_Stored data_.
-----
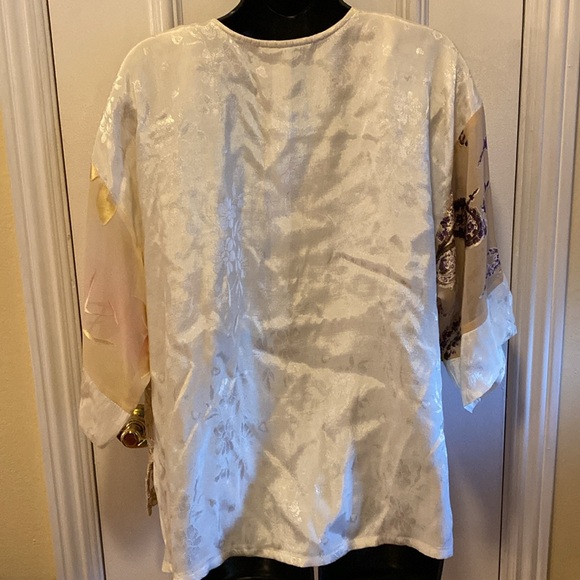 Champagne Collection by All That Glitters Kimono - Picture 6 of 7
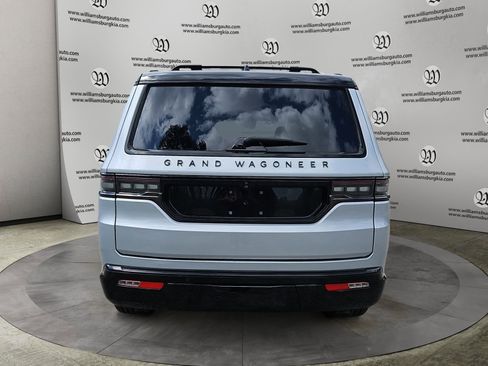 Used 2024 Jeep Grand Wagoneer Series II w/ Quick Order Packagew 28T AWD/4WD image 4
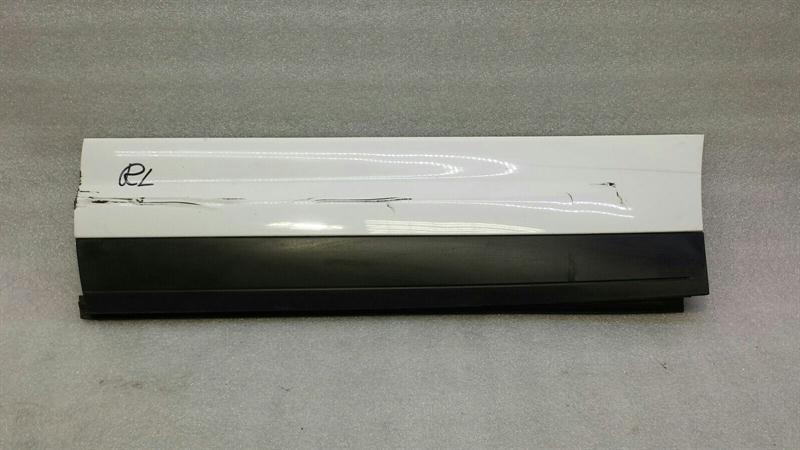 Porsche Cayenne Body Moulding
-----
_Activity_.
Copy out the lines above unchanged. Skip the images.

_Response area_.
 Champagne Collection by All That Glitters Kimono - Picture 6 of 7
 Used 2024 Jeep Grand Wagoneer Series II w/ Quick Order Packagew 28T AWD/4WD image 4
 Porsche Cayenne Body Moulding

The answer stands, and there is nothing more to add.